DATA SHOWN section start
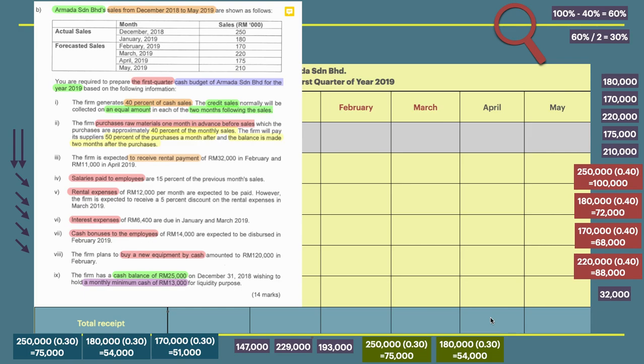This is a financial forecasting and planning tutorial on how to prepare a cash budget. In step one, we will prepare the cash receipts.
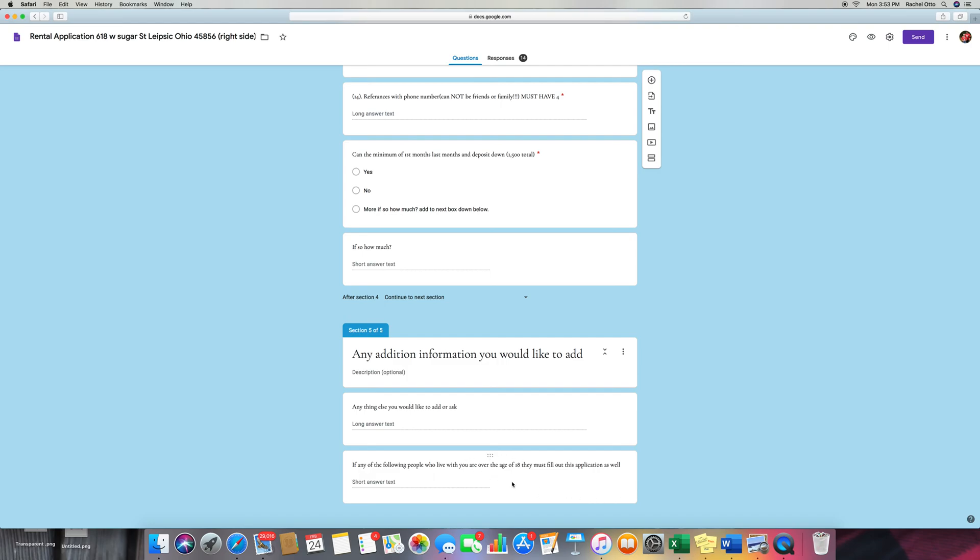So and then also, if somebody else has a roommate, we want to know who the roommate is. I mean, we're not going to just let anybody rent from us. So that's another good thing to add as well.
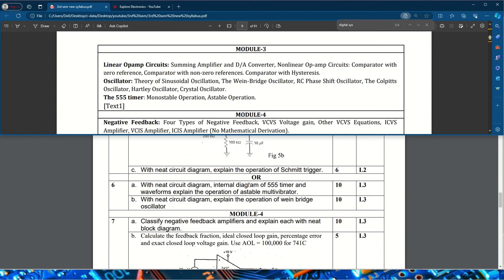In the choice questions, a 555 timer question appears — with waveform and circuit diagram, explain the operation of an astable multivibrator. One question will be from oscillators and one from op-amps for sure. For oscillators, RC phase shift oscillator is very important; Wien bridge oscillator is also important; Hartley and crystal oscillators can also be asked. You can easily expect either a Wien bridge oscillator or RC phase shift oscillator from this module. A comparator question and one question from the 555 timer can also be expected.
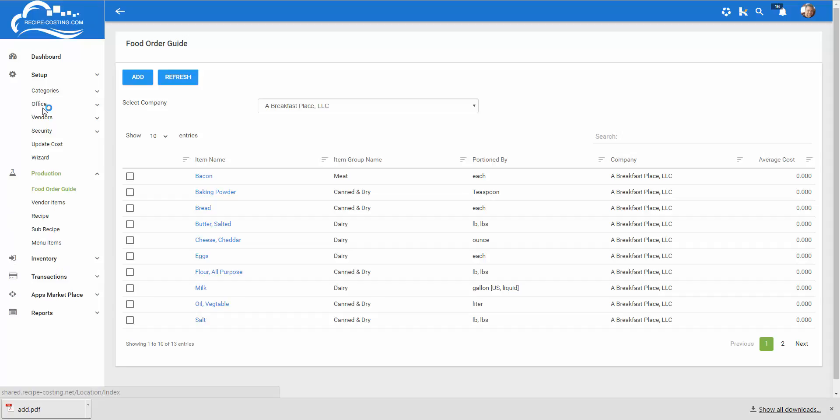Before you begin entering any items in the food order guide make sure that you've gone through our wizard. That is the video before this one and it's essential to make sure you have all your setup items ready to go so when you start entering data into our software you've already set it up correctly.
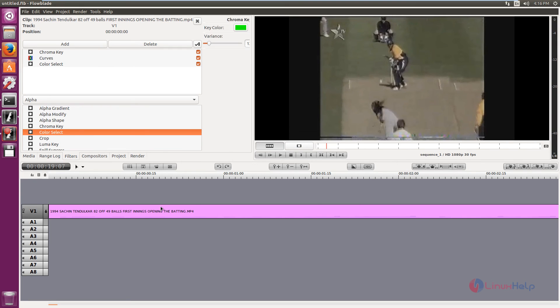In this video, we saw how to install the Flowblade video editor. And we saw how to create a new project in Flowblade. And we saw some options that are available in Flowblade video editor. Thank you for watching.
DATA SHOWN section end
DATA SHOWN section start
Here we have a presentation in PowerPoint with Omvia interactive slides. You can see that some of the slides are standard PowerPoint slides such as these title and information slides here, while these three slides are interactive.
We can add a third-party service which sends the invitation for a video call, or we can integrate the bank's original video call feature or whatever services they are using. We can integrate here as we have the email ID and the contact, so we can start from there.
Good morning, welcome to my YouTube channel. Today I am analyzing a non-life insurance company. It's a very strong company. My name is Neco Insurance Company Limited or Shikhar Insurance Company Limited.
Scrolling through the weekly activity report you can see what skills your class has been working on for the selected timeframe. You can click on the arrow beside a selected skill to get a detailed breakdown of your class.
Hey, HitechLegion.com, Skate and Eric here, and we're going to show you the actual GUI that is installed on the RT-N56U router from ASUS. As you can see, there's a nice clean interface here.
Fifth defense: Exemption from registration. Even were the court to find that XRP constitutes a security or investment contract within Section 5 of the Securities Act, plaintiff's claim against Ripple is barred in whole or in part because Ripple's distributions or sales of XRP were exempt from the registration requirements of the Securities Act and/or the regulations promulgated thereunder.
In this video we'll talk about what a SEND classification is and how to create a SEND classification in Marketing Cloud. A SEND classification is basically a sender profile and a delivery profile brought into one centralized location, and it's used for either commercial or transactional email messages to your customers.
DATA SHOWN section end
DATA SHOWN section start
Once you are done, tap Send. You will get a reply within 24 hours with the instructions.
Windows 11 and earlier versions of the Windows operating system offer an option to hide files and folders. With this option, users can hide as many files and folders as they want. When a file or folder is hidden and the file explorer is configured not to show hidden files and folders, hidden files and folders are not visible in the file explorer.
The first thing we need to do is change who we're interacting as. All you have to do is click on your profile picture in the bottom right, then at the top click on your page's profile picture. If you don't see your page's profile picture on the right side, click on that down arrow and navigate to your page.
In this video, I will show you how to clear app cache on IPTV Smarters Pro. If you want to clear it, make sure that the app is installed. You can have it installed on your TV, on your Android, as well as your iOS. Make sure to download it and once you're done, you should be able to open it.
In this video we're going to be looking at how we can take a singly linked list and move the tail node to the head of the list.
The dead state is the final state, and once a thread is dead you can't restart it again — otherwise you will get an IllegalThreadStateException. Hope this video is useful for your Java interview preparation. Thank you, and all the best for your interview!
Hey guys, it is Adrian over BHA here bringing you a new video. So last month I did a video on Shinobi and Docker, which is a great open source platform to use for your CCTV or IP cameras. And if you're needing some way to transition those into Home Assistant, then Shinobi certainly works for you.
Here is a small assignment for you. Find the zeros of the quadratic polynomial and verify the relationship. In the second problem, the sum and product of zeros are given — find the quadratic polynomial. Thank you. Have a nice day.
DATA SHOWN section end
EXERCISE DIRECTIONS:
In the data above, retype only the stretch from the line with "This is a financial" through the line with "In this video, we", word for word, and skip any pictures.

WRITTEN RESPONSE:
This is a financial forecasting and planning tutorial on how to prepare a cash budget. In step one, we will prepare the cash receipts.
So and then also, if somebody else has a roommate, we want to know who the roommate is. I mean, we're not going to just let anybody rent from us. So that's another good thing to add as well.
In the choice questions, a 555 timer question appears — with waveform and circuit diagram, explain the operation of an astable multivibrator. One question will be from oscillators and one from op-amps for sure. For oscillators, RC phase shift oscillator is very important; Wien bridge oscillator is also important; Hartley and crystal oscillators can also be asked. You can easily expect either a Wien bridge oscillator or RC phase shift oscillator from this module. A comparator question and one question from the 555 timer can also be expected.
Before you begin entering any items in the food order guide make sure that you've gone through our wizard. That is the video before this one and it's essential to make sure you have all your setup items ready to go so when you start entering data into our software you've already set it up correctly.
In this video, we saw how to install the Flowblade video editor. And we saw how to create a new project in Flowblade. And we saw some options that are available in Flowblade video editor. Thank you for watching.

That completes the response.